L’obiettivo della legge, in sintesi, è quello di promuovere e tutelare l’attività agricola, il paesaggio e l’ambiente; contenere il consumo di suolo. Il consumo di suolo sarà consentito esclusivamente nei casi in cui non esistono alternative consistenti nel riuso delle aree già urbanizzate e nella rigenerazione delle stesse.
PROCEDURA
L’articolo 3 disciplina le fasi procedurali per addivenire, in coerenza con gli obiettivi stabiliti dall’UE circa il traguardo del consumo di suolo pari a zero da raggiungere entro il 2050, alla definizione della riduzione progressiva vincolante, in termini quantitativi, di consumo del suolo a livello nazionale e del relativo riparto a livello regionale dei quantitativi medesimi. In particolare, si prevede:
INCENTI AI COMUNI PER IL RIUSO
Sarà previsto, in particolare, al fine di consentire il rispetto del divieto di consumo di suolo, una procedura a più fasi per l’individuazione, entro tempi certi, degli ambiti urbanistici da sottoporre prioritariamente a interventi di ristrutturazione urbanistica e di rinnovo edilizio, prevedendo la possibilità di interventi sostitutivi per garantire il completamento della procedura medesima. Si prevede, inoltre, che le regioni adottino disposizioni per incentivare i comuni, singoli e associati, a promuovere strategie di rigenerazione urbana anche mediante l’individuazione negli strumenti di pianificazione degli ambiti urbanistici da sottoporre prioritariamente a interventi di ristrutturazione urbanistica e di rinnovo edilizio.
CAMBIO DI DESTINAZIONE
L’articolo 7 del disegno di legge prevede che le superfici agricole che hanno ricevuto finanzamenti europei legati alla politica agricola comune (PAC) ed alla politica di sviluppo rurale non possono, per un periodo di cinque anni dall’ultima erogazione: essere destinate ad uso diverso da quello agricolo; essere oggetto di interventi di trasformazione urbanistica, ad eccezione delle opere pubbliche.

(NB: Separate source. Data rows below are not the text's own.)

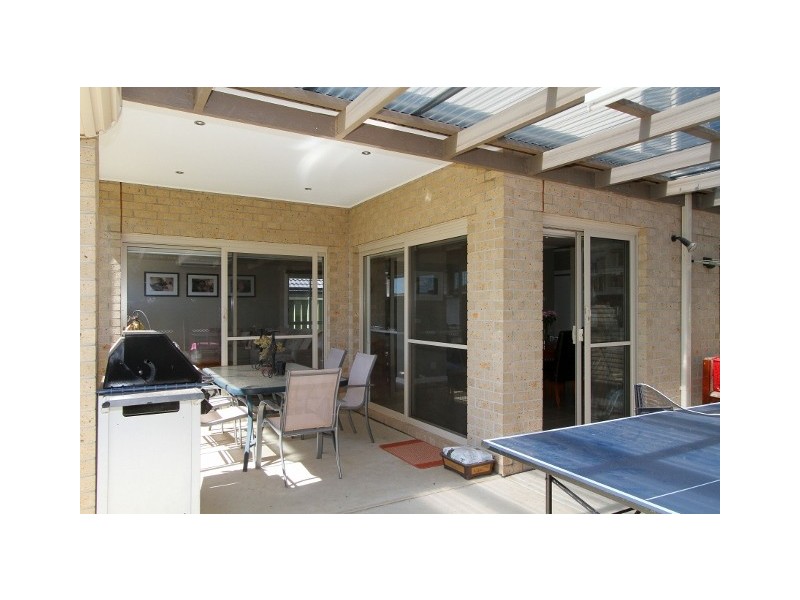 7 Begonia Court, Caroline Springs VIC 3023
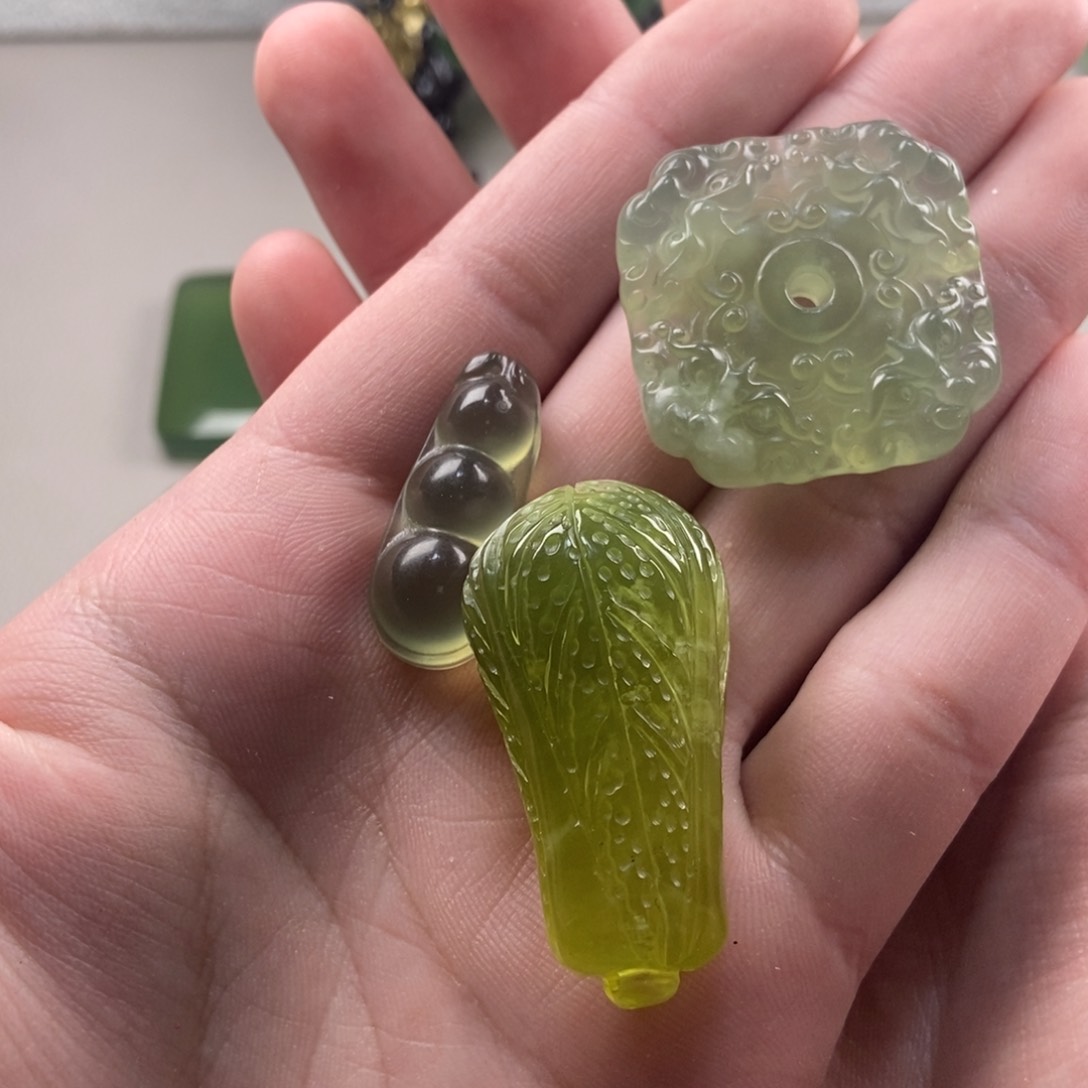 【闪购商品】蛇纹石玉岫玉未镶嵌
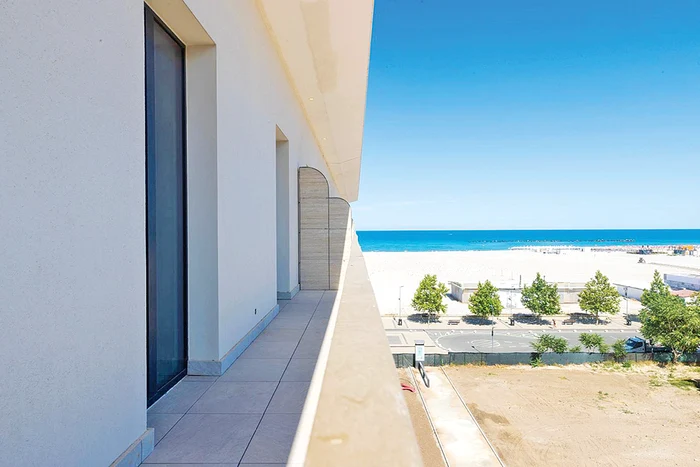Apartamentele au vedere la mare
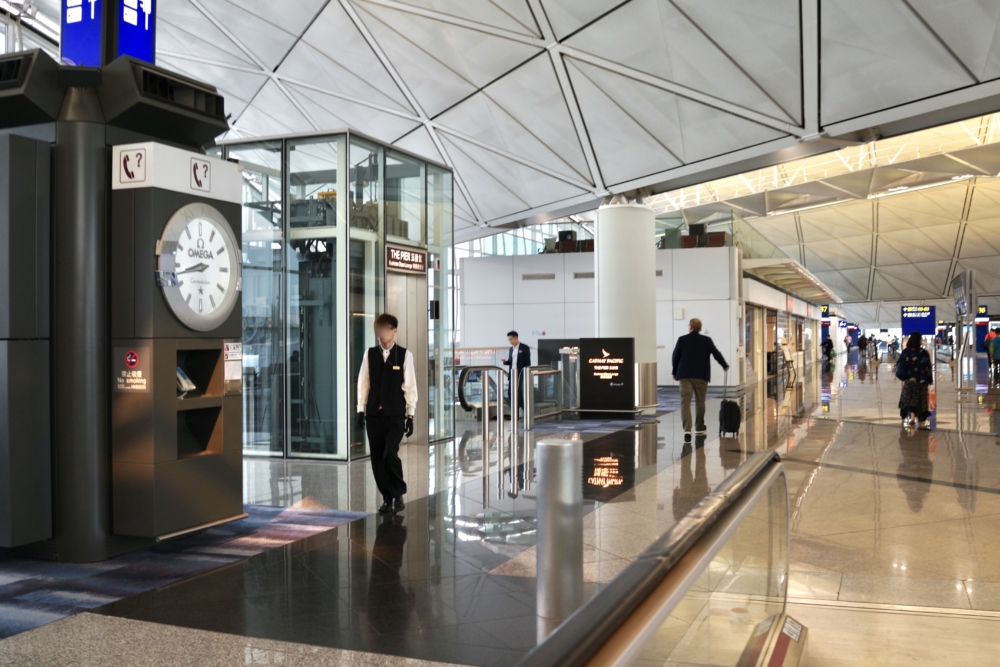 香港国際空港キャセイパシフィック航空ファーストクラスラウンジ「ザ・ピア」へのアクセス方法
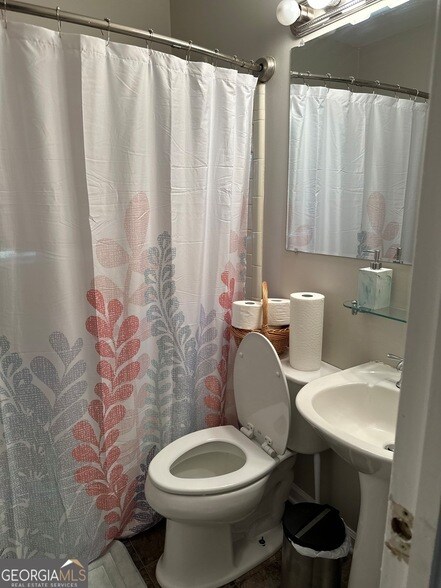 Building Photo - 1613 Apple Valley Dr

Il comune, in caso di violazione, applica al trasgressore la sanzione amministrativa pecuniaria di importo non inferiore a 5.000 euro e non superiore a 50.000 euro, unitamente alla sanzione accessoria della demolizione delle opere eventualmente costruite e del ripristino dello stato dei luoghi.
REGISTRO DEGLI ENTI LOCALI
Si prevede l’istituzione di un registro degli enti locali in cui sono iscritti i comuni che hanno adeguato i propri strumenti urbanistici con riguardo alla riduzione di consumo di suolo stabilita dalle regioni di appartenenza, ovvero in cui non è previsto consumo di suolo o una riduzione del consumo di suolo maggiore di quella definita dalle regioni medesime.
L’art. 8 attribuisce priorità ai comuni, iscritti nel predetto registro, nella concessione di finanziamenti statali e regionali finalizzati: agli interventi di rigenerazione urbana e di bonifica dei siti contaminati a tal fine necessaria, nel rispetto della disciplina di settore; agli interventi volti a favorire l’insediamento di attività di agricoltura urbana e il ripristino delle colture nei terreni agricoli incolti, abbandonati, inutilizzati o in ogni caso non più sfruttati ai fini agricoli.
CENSITI GLI EDIFICI SFITTI
Le Regioni dovranno dettare anche le disposizioni per la redazione di un «censimento comunale degli edifici sfitti, non utilizzati o abbandonati al fine di creare una banca dati del patrimonio edilizio pubblico e privato inutilizzato, disponibile per il recupero o il riuso». Spetta invece ai comuni segnalare ogni anno al prefetto le proprietà in stato di abbandono.